Passing `ignore_index=True` will drop all name references.

In [65]:
pd.concat([df1, s], axis=1, ignore_index=True)

Unnamed: 0,0,1,2,3
0,0.0,1.0,2.0,X0
1,3.0,4.0,5.0,X1
2,6.0,7.0,8.0,X2
3,,,,X3


#### Appending rows to a DataFrame

If you have a `Series` that you want to append as a single row to a `DataFrame`, you can convert the row into a `DataFrame` and use `concat`.

In [69]:
s7 = pd.Series(['X0', 'X1', 'X2', 'X3'], index=['a', 'b', 'c', 'D'])
pd.concat([df1, s7.to_frame().T], ignore_index=True)

Unnamed: 0,a,b,c,D
0,0,1,2,
1,3,4,5,
2,6,7,8,
3,X0,X1,X2,X3


### Specifying join type

A default concatenation actually performs an **outer join** operation along the index labels on the axis *opposite* of the concatenation (the rows index). This makes the resulting set of labels similar to having performed a union of those labels.
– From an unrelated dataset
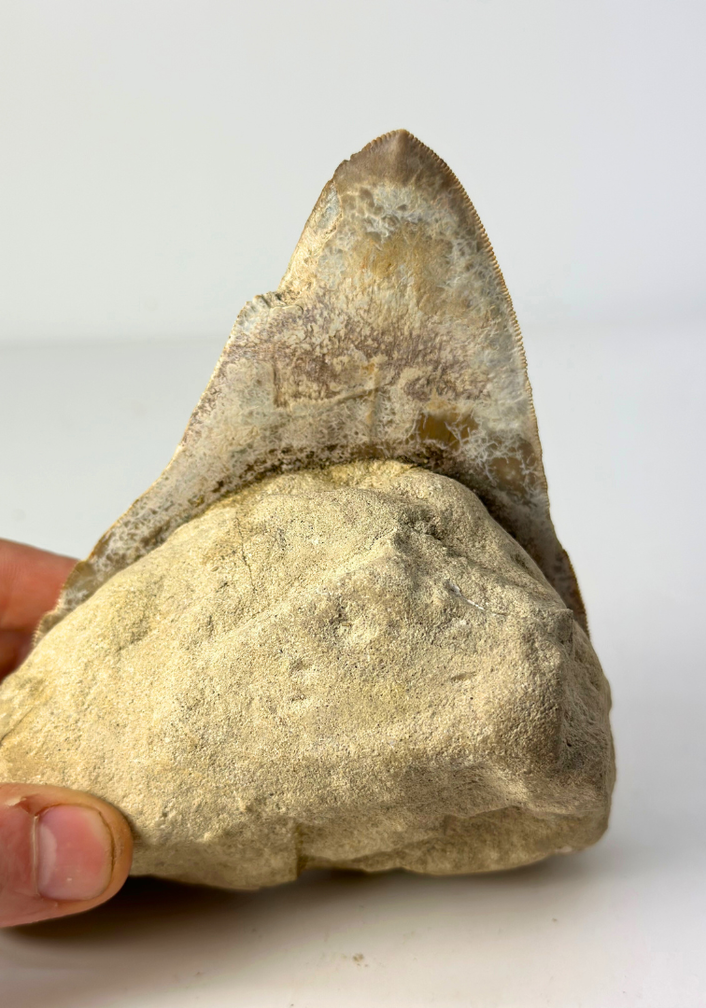 'Brown' Megalodon tooth "The One In Stone" (Indonesia) in matrix - 14.2 cm (5,59 inch)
The type of join can be changed by specifying `join` as a parameter.

In [21]:
pd.concat([df1, df3], axis=1, join='inner')

Unnamed: 0,a,b,c,a.1,d
2,6,7,8,20,21


## Merging and joining data

Pandas allows the merging of pandas objects with database-like join operations, using the `pd.merge()`
function and the `.merge()` method of a `DataFrame` object. A merge combines the data of two pandas
objects by finding **matching values** in one or more columns or row indexes. It then returns a new object that
represents a combination of the data from both, based on relational-database-like join semantics applied to
those values.

Merges are useful as they allow us to model a single DataFrame for each type of data (one of the rules of
having tidy data), but to be able to relate data in different `DataFrame` objects using values existing in both
sets of data.

The default type of join performed by `pd.merge()` is an iner join. To use another join method, specify the
join type using the `how` parameter of the `pd.merge()` function (or the `.merge()` method). The valid options
are:
- `inner`: This is the intersection of keys from both DataFrame objects
- `outer`: This is the union of keys from both DataFrame objects
- `left`: This only uses keys from the left DataFrame
- `right`: This only uses keys from the right DataFrame
- `cross`: Create the cartesian product of rows of both frames

The related `join()` method, uses merge internally for the index-on-index (by default) and column(s)-on-index join. If you are joining on index only, you may wish to use `DataFrame.join` to save yourself some typing.

In [24]:
customers = pd.DataFrame({
    'customer_id': [10, 11],
    'name': ['Mike', 'April'],
    'address': ['address for Mike', 'address for April']
})
customers

Unnamed: 0,customer_id,name,address
0,10,Mike,address for Mike
1,11,April,address for April


In [28]:
orders = pd.DataFrame({
    'customer_id': [10, 11, 10],
    'order_date': [date(2014, 12, 1), date(2014, 3, 12), date(2014, 4, 14)]
})
orders

Unnamed: 0,customer_id,order_date
0,10,2014-12-01
1,11,2014-03-12
2,10,2014-04-14


By default Padas determine the columns in both objects with common labels, which treated as the keys to perform the join, and matches values in the key columns of both DF objects. 

In [30]:
customers.merge(orders)

Unnamed: 0,customer_id,name,address,order_date
0,10,Mike,address for Mike,2014-12-01
1,10,Mike,address for Mike,2014-04-14
2,11,April,address for April,2014-03-12


In [33]:
left_data = pd.DataFrame({
    'key1': ['a', 'b', 'c'],
    'key2': ['x', 'y', 'z'],
    'lval1': [0, 1, 2]
    },
    index=[0, 1, 2]
)

right_data = pd.DataFrame({
    'key1': ['a', 'b', 'c'],
    'key2': ['x', 'a', 'z'],
    'lval1': [6, 7, 8]
    },
    index=[1, 2, 3])

left_data, right_data

(  key1 key2  lval1
 0    a    x      0
 1    b    y      1
 2    c    z      2,
   key1 key2  lval1
 1    a    x      6
 2    b    a      7
 3    c    z      8)

In [35]:
left_data.merge(right_data, on='key1')

Unnamed: 0,key1,key2_x,lval1_x,key2_y,lval1_y
0,a,x,0,x,6
1,b,y,1,a,7
2,c,z,2,z,8


In [36]:
left_data.merge(right_data, on=['key1', 'key2'])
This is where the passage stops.